By KAREN VELIE
Editor’s note: This is the first in a series of articles about how high-end investors, small marijuana growers and fortune hunters are battling for a place in California’s new gold/green rush. First published on CalCoastNews on May 19.
Three San Luis Obispo County supervisors were stunned last week to read a new draft ordinance on marijuana. The draft bore almost no resemblance to the ordinance the board had directed staff to modify.
While the supervisors had assigned Assistant County Administrator Guy Savage to make a few changes to a previous draft ordinance, two county planners, James Caruso and Brandi Cummings, took it upon themselves to produce their own version of a marijuana ordinance.
Caruso and Cummings’s draft of the marijuana ordinance appears to favor some growers while putting other marijuana enterprises out of business. Caruso and Cummings did not return several requests for comment.
Supervisor John Peschong noted the different treatment of some growers.
“Our government needs to draft ordinances that treat everyone fairly,” Peschong said. “I am against any ordinance that picks winners and losers.”
Persons looking for a windfall from California’s legal marijuana industry have come to the state from throughout the nation. Multi-million-dollar crops have led to threats, back room deals, cheating and corruption, growers complain.
In September 2016, the SLO County Board of Supervisors passed an urgency ordinance that banned new marijuana grows, but allowed growers that could prove they were cultivating as of Aug. 23, 2016 to remain. However, the grows cannot expand in size.
At that time, the board directed staff to begin working on a permanent ordinance.
On February 28, the SLO County Board of Supervisors reviewed a draft ordinance and gave direction for Savage to make changes and then to put it out for public review.
However, on May 1, Caruso and Cummings posted a revised draft ordinance which bore almost no resemblance to the earlier ordinance. The planners gave the public until May 12 to comment.

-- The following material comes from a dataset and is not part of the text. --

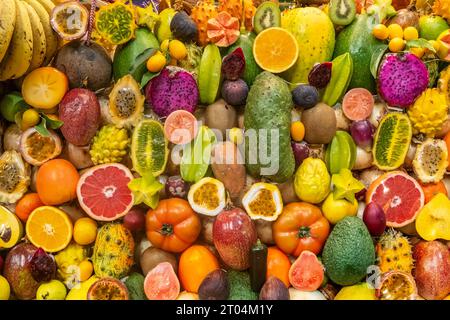 Variété de fond de fruits exotiques. Banque D'Images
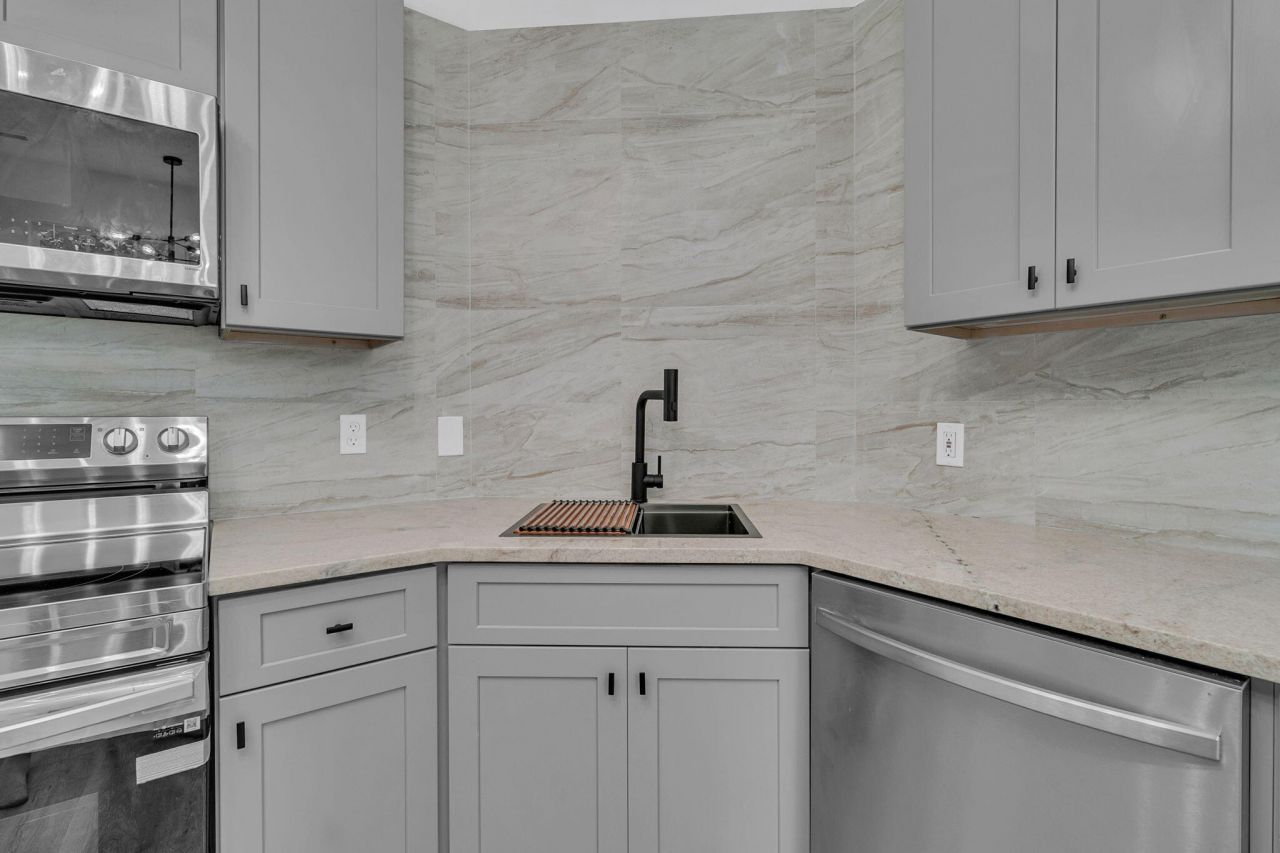 1854 Oleander Court Photo 18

Caruso and Cummings’s draft prohibits mobile delivery services which do not have a dispensary from making deliveries. If enacted, more than 90 percent of all delivery services would be put out of business and those who win the battle to open brick and mortar stores would pick up the extra business.

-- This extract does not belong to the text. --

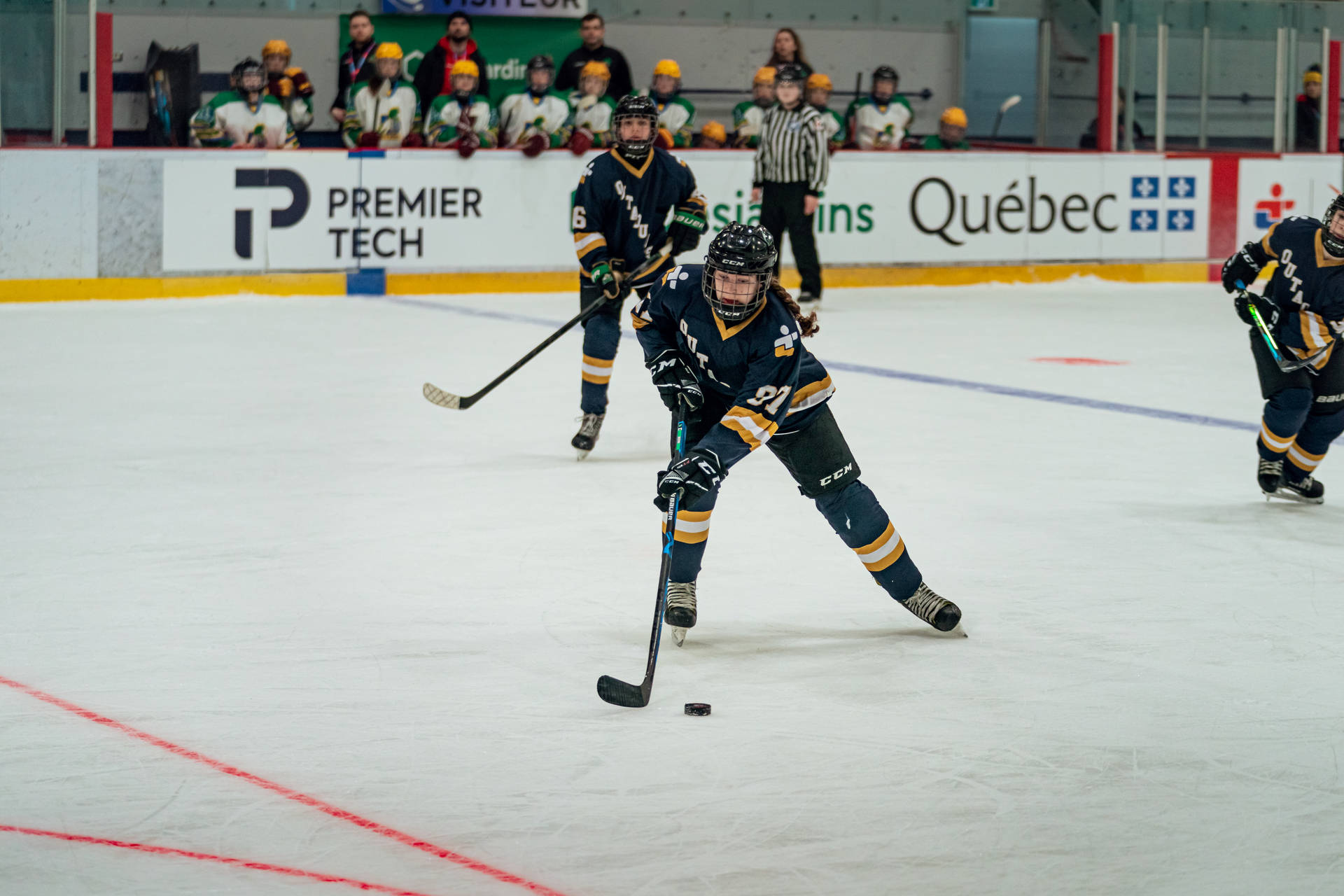 Une joueuse de hockey sur la glace au Centre Premier Tech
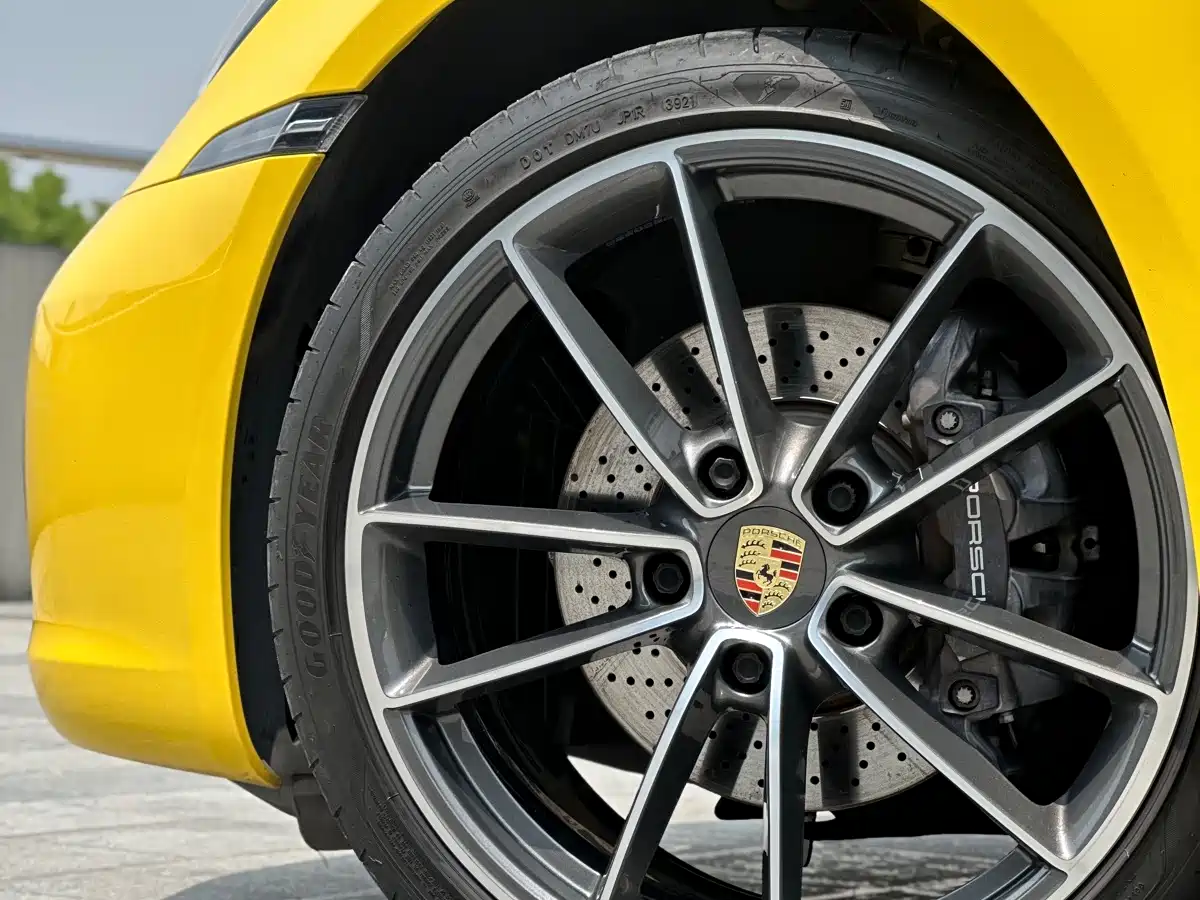 Porsche 911 2020 Carrera 3.0T фото 20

Caruso and Cummings’s draft restricts cultivation on properties under 5 acres in Nipomo. That would favor several large property owners and put many of the small growers out of business.
Even though the supervisors had directed staff to write an ordinance that permits non-volatile cannabis manufacturing facilities while forbidding volatile manufacturing, Caruso and Cummings’s draft allows volatile manufacturing facilities.
On May 12, growers voiced their concerns to supervisors who were previously unaware that their directions for an ordinance had not been followed. After several supervisors brought their concerns to county administration Dan Buckshi, Buckshi said the draft ordinance would be fixed, officials said.
“This is not the direction we gave staff in a board meeting,” Compton said. “In fact, there is nothing in this draft ordinance that resembles the original draft ordinance.”
At a SLO Normal meeting Thursday evening, when asked by concerned marijuana growers about the dramatic changes from the draft directed by the SLO County Board of Supervisors and what planners created, building division supervisor Art Trinidade said several county supervisors were upset about the direction staff took in creating the latest draft.
“At least one of the legislators threw a shoe at us,” Trinidade said.
Nevertheless, Trinidade said that county staffers would not be making changes to the draft.
“It will be at the planning commission before you see any changes,” Trinidade said.